PROMPT:
Every line below between the line holding "Load image into" and the line holding "Llegada de la", inclusive, should be repeated exactly, and all other lines omitted.

Dataset entries:
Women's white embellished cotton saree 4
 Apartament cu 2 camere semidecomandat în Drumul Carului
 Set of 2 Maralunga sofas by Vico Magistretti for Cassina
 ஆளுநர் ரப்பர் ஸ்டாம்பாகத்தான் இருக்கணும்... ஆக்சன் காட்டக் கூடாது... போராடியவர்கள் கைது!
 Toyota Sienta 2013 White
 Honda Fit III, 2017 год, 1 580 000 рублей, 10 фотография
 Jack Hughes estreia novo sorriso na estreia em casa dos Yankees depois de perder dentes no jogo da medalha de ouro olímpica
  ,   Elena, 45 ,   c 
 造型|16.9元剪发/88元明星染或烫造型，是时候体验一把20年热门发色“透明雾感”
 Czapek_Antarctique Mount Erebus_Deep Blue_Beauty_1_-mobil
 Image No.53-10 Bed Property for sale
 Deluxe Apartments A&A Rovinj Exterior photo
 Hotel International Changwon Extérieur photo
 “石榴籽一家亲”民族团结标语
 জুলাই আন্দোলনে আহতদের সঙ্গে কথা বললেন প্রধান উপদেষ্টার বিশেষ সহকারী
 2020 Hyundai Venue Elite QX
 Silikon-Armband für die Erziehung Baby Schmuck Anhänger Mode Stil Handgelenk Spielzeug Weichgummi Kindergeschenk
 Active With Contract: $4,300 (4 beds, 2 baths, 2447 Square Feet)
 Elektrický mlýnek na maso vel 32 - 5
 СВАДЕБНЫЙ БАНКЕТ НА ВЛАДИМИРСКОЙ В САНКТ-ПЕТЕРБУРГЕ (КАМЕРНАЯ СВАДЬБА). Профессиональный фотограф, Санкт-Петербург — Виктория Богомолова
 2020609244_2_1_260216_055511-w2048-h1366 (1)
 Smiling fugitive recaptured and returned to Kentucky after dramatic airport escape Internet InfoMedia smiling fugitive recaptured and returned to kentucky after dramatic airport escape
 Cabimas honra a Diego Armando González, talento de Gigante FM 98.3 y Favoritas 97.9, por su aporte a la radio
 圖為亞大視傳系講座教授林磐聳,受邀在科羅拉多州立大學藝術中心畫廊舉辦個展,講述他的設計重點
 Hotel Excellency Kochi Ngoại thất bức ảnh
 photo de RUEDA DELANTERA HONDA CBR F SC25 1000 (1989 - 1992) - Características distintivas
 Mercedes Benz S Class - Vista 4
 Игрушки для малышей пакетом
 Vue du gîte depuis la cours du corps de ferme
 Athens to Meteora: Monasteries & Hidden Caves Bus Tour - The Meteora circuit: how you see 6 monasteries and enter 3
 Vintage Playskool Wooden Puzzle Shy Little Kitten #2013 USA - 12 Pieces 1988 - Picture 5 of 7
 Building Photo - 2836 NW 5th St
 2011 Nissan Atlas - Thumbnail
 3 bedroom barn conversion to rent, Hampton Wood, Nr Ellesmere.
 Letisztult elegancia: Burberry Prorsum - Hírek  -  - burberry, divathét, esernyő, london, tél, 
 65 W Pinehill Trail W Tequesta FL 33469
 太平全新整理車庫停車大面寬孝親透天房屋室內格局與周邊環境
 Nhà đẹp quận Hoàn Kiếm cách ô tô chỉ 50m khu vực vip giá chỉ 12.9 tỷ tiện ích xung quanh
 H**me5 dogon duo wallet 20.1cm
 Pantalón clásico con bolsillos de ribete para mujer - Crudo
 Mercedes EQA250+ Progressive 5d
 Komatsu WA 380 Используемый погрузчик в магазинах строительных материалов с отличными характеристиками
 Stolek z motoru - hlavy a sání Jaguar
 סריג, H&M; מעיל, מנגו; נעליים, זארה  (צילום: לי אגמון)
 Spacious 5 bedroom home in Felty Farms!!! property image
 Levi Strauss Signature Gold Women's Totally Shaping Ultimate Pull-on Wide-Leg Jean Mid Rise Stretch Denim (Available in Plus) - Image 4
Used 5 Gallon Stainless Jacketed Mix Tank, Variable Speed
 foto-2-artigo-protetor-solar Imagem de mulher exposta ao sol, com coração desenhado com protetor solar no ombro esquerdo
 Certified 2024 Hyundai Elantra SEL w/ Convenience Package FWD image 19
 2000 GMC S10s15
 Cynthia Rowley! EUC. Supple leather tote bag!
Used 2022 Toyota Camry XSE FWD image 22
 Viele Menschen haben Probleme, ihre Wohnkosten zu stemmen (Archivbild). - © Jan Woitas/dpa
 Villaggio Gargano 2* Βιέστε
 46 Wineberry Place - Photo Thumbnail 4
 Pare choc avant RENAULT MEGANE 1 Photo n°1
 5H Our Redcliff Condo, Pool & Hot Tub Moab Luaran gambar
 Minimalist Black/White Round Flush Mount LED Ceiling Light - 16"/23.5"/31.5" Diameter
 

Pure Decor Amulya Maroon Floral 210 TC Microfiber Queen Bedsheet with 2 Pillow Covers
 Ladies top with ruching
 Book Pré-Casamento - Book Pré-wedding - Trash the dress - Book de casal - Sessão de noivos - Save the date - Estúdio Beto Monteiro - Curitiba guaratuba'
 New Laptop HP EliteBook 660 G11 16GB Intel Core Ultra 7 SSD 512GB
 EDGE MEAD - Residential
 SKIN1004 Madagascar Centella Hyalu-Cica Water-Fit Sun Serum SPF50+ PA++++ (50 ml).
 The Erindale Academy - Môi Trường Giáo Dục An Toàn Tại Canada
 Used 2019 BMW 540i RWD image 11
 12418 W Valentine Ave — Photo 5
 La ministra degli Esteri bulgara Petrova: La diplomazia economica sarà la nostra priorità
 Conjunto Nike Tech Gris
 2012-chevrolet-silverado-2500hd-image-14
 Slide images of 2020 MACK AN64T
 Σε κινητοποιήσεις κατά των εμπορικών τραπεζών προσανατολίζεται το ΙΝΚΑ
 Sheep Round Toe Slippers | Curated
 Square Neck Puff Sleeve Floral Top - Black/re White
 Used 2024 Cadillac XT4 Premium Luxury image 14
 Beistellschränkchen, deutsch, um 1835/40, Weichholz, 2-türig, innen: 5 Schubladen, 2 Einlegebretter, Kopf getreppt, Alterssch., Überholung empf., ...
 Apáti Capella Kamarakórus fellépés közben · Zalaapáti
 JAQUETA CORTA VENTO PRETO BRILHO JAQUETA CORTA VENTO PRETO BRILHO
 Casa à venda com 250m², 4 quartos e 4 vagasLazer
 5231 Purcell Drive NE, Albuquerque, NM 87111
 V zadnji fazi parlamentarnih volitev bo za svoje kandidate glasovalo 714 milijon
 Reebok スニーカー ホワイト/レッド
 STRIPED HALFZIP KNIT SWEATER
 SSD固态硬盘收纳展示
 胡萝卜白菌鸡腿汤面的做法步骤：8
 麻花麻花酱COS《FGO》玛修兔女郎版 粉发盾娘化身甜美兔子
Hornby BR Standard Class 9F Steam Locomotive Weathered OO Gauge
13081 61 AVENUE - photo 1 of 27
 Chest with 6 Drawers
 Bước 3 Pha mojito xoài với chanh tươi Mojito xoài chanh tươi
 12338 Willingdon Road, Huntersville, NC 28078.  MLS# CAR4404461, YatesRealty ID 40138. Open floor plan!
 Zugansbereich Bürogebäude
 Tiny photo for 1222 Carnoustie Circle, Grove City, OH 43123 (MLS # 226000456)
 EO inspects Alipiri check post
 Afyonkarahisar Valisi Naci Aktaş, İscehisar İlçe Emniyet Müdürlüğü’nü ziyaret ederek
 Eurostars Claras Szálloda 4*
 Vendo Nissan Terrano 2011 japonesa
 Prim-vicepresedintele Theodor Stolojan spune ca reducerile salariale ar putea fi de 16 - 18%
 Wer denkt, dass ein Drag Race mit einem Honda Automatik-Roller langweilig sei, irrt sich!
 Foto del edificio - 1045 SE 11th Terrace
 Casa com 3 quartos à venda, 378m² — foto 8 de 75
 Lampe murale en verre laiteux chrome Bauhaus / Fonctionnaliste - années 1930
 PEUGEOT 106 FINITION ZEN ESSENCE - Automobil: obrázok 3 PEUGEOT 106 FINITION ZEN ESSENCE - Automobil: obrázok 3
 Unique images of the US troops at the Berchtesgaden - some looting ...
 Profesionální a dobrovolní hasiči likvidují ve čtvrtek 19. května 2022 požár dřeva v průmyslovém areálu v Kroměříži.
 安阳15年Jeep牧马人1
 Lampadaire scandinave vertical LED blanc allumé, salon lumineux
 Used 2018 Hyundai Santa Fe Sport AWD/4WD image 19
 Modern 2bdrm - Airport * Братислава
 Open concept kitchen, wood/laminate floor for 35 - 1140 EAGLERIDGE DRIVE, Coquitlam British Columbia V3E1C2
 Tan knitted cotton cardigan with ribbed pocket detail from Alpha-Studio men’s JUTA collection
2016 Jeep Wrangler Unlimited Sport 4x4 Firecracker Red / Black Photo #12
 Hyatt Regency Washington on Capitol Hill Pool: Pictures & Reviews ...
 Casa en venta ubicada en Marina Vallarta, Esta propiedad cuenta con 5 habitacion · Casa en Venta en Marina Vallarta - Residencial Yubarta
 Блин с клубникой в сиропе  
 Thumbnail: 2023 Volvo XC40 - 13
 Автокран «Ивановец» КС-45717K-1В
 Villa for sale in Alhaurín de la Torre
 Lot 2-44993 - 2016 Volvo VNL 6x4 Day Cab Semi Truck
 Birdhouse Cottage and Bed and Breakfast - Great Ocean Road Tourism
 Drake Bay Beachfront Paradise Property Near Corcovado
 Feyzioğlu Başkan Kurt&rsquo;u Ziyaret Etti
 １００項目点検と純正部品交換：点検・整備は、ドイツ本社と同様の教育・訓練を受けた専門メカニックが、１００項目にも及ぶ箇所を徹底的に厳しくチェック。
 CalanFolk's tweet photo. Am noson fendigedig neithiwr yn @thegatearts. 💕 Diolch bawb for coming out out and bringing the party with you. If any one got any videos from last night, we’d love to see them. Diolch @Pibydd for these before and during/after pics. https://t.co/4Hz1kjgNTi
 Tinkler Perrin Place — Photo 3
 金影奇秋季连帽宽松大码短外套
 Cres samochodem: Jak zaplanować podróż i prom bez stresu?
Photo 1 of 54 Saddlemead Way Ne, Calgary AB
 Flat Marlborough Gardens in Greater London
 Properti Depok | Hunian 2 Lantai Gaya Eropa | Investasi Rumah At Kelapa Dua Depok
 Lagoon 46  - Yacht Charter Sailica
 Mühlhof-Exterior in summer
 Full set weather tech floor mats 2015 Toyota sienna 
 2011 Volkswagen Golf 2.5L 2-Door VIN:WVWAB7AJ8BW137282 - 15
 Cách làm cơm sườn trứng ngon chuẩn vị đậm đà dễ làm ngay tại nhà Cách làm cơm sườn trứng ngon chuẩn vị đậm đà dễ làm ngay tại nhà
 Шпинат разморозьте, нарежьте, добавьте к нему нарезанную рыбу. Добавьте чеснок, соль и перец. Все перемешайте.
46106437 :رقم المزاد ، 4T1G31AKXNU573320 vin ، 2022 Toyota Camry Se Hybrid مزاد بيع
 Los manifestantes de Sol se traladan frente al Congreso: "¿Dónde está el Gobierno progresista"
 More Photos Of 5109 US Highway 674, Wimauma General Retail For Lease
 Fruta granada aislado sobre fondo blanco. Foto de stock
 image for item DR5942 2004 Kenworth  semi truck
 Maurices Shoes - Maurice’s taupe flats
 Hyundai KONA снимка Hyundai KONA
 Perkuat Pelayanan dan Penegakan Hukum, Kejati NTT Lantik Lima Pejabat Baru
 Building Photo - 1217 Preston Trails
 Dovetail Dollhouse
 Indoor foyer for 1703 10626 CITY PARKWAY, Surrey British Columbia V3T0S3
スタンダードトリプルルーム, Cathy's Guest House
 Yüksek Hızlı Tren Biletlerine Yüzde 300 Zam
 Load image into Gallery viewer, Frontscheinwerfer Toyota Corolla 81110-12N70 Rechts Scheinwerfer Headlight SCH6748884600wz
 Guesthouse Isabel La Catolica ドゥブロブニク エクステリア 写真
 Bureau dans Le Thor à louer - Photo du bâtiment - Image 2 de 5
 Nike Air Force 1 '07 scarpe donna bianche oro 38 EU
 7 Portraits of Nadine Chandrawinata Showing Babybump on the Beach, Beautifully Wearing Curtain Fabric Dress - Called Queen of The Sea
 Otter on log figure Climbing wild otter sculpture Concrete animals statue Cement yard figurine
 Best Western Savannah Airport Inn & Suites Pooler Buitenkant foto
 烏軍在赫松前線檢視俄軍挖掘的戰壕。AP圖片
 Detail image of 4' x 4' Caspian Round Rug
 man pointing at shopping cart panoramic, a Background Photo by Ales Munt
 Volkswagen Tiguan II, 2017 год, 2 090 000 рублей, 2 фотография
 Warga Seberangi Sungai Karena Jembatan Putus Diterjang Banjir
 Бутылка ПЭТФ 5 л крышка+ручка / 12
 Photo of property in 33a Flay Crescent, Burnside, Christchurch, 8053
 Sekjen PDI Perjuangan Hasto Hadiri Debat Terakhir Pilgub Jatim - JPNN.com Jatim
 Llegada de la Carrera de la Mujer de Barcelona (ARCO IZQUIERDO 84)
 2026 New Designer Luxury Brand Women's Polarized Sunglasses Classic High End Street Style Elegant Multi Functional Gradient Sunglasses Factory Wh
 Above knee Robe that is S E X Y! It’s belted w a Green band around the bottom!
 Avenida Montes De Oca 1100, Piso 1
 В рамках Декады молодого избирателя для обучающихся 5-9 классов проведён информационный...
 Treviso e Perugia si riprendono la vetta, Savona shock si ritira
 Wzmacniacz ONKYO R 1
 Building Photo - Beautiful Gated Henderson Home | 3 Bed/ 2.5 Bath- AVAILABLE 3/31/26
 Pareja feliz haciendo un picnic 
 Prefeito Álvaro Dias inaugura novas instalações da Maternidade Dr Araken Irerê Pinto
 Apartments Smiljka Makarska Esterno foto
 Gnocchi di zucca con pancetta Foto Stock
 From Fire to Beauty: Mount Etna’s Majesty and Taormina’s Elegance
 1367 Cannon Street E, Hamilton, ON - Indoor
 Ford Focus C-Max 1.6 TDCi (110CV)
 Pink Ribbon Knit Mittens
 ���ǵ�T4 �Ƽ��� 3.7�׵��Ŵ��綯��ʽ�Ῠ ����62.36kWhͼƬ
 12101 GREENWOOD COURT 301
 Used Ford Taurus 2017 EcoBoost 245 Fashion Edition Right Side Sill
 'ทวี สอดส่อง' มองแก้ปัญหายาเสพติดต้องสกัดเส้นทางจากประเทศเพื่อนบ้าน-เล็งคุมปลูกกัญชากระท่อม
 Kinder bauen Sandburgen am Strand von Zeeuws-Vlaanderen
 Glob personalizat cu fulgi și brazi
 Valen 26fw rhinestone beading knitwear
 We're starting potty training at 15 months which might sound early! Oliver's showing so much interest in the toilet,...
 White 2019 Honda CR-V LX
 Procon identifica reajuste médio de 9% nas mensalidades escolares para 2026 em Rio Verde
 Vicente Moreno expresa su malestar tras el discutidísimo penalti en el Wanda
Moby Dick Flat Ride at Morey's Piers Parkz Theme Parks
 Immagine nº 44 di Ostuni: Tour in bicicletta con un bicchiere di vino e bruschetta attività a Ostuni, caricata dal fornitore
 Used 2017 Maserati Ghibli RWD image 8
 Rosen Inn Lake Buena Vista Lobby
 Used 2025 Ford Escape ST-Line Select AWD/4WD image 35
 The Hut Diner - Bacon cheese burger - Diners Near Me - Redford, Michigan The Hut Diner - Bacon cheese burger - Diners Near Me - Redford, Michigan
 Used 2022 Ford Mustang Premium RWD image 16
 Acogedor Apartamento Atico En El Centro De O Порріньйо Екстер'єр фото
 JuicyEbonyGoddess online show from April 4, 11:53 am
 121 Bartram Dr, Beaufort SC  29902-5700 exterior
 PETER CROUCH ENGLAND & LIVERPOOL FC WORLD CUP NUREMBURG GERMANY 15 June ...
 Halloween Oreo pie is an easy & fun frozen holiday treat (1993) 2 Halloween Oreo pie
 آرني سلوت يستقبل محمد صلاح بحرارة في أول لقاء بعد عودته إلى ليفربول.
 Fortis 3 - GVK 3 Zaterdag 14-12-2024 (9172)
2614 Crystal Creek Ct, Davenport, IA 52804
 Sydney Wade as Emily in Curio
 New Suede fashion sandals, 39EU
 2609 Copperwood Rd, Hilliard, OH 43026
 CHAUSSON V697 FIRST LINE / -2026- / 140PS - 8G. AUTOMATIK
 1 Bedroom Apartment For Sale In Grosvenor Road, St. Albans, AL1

ANSWER SECTION:
 Load image into Gallery viewer, Frontscheinwerfer Toyota Corolla 81110-12N70 Rechts Scheinwerfer Headlight SCH6748884600wz
 Guesthouse Isabel La Catolica ドゥブロブニク エクステリア 写真
 Bureau dans Le Thor à louer - Photo du bâtiment - Image 2 de 5
 Nike Air Force 1 '07 scarpe donna bianche oro 38 EU
 7 Portraits of Nadine Chandrawinata Showing Babybump on the Beach, Beautifully Wearing Curtain Fabric Dress - Called Queen of The Sea
 Otter on log figure Climbing wild otter sculpture Concrete animals statue Cement yard figurine
 Best Western Savannah Airport Inn & Suites Pooler Buitenkant foto
 烏軍在赫松前線檢視俄軍挖掘的戰壕。AP圖片
 Detail image of 4' x 4' Caspian Round Rug
 man pointing at shopping cart panoramic, a Background Photo by Ales Munt
 Volkswagen Tiguan II, 2017 год, 2 090 000 рублей, 2 фотография
 Warga Seberangi Sungai Karena Jembatan Putus Diterjang Banjir
 Бутылка ПЭТФ 5 л крышка+ручка / 12
 Photo of property in 33a Flay Crescent, Burnside, Christchurch, 8053
 Sekjen PDI Perjuangan Hasto Hadiri Debat Terakhir Pilgub Jatim - JPNN.com Jatim
 Llegada de la Carrera de la Mujer de Barcelona (ARCO IZQUIERDO 84)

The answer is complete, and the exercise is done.